History is sadly ironic at times. Next to Peter, this man has got to be the most famous of Jesus’ disciples (unless you count Paul, who wasn’t one of the original Twelve). He’s been the subject of countless psychological studies, and with good reason. Why would he do this? What could possess a man to do it?
First, we need to get some side-issues out of the way. Since I don’t believe that Christians can lose their salvation, I don’t believe that Judas lost his. Obviously this would mean that the man was never saved to begin with, since Jesus called him “doomed to destruction.” This'd also mean that he preached, taught, and performed miracles (including driving out demons), all while being unsaved and a pawn of the Enemy. Let’s take a lesson from this: Do not be impressed by a preacher who claims to heal sickness and perform miracles. Maybe he can—but that’s no indication that he’s right with the Lord.
So why would Judas do this? There are several theories out there, some more credible than others. Some scholars link his last name with the sicarii, a band of Jewish nationalists who assassinated any collaborators who cooperated with the hated Roman government. The theory goes that since Judas was a zealot, he agreed to join Jesus’ band (remember, he was hand-picked by Christ himself) only because he thought that Jesus was going to be the political and military conqueror who'd smite their enemies and free Israel. Once it became clear that Jesus wasn’t going to be that type of Messiah, Judas planned to betray him, possibly in order to force Jesus’ hand and turn some of the miraculous power he’d displayed as a show of force against Rome. I do admit it has some appeal to it, but it does seem to be reaching. Others, pointing to the fact that he was pilfering the treasury of Jesus’ ministry, think he was simply looking for some more money.
I don’t think we know exactly why, and we won’t until Eternity. We do know that Satan “entered” Judas, but just like in our discussion of Joseph’s brothers, there’s no indication that Judas was not responsible for his own actions. God planned it, Satan influenced him, but Judas had a decision to make, and he made the wrong one.
“The one who has dipped his hand into the bowl with me” just heightens the guilt. In ancient Middle Eastern culture (as today), to share a meal with someone was a sign of friendship and trust. John’s account notes that Jesus handed this piece of bread directly to Judas, probably as a last private appeal of love.

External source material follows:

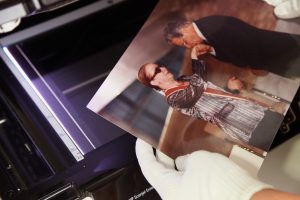 Fotografia colorida que mostra uma foto do Acervo da Fundação FHC que será digitalizada em uma máquina. A foto é colorida e mostra a atriz Fernanda Montenegro e o presidente Fernando Henrique Cardoso.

So did Judas perform an unpardonable sin? Leaving aside all questions of predestination, if Judas had asked for forgiveness, would Jesus had granted it? Of course he would. 1 John 1:9 promises that if we confess, he will forgive, cleanse, and restore, and it has no conditions on the heinousness of the sin. Moses, David, and Paul were all murderers whom we’ll meet someday in heaven. As someone pointed out to me, the problem was that Judas ended up looking up to the wrong tree. One tree was one of final regret and condemnation, while the other one promises mercy and forgiveness, no matter what we’ve done.
So what does this mean for us? First, we need to examine ourselves to make sure we’re really in the faith. For about three years, Judas had eaten with, slept next to, performed miracles in the name of, and had spent his lifetime with the Lord Jesus. But in the end, for whatever reason, he turned his back on all that. I thoroughly believe that he's the quintessential example of the unsaved church member, who's heard tons of sermons, heard plenty of Bible teaching, and who's even served in leadership positions but who has no personal relationship with the Savior.
Second, this passage should put a nail in the coffin of a disbelief in eternal punishment. If there were no such thing, or if there was an end to hell’s agony, then there is no way Jesus could have said about Judas “It would be better for him if he had not been born.” That could be the personal epitaph of everyone who has died outside of Christ, but it'd make no sense if the ultimate fate of the lost is annihilation and oblivion.
The bad news is that there is a real place called hell. The good news is that no one has to go there. Our Lord Jesus bled and died a horrible death to redeem us out of that horrible place. From the darkness of Judas’ soul let’s turn our focus to the Man who loves us and who'll one day gather us to himself.
Lord Jesus, I know that sometimes I’ve sold you for much less than 30 pieces of silver. And you keep forgiving me, and cleansing me. Please help me, change me, and remake me.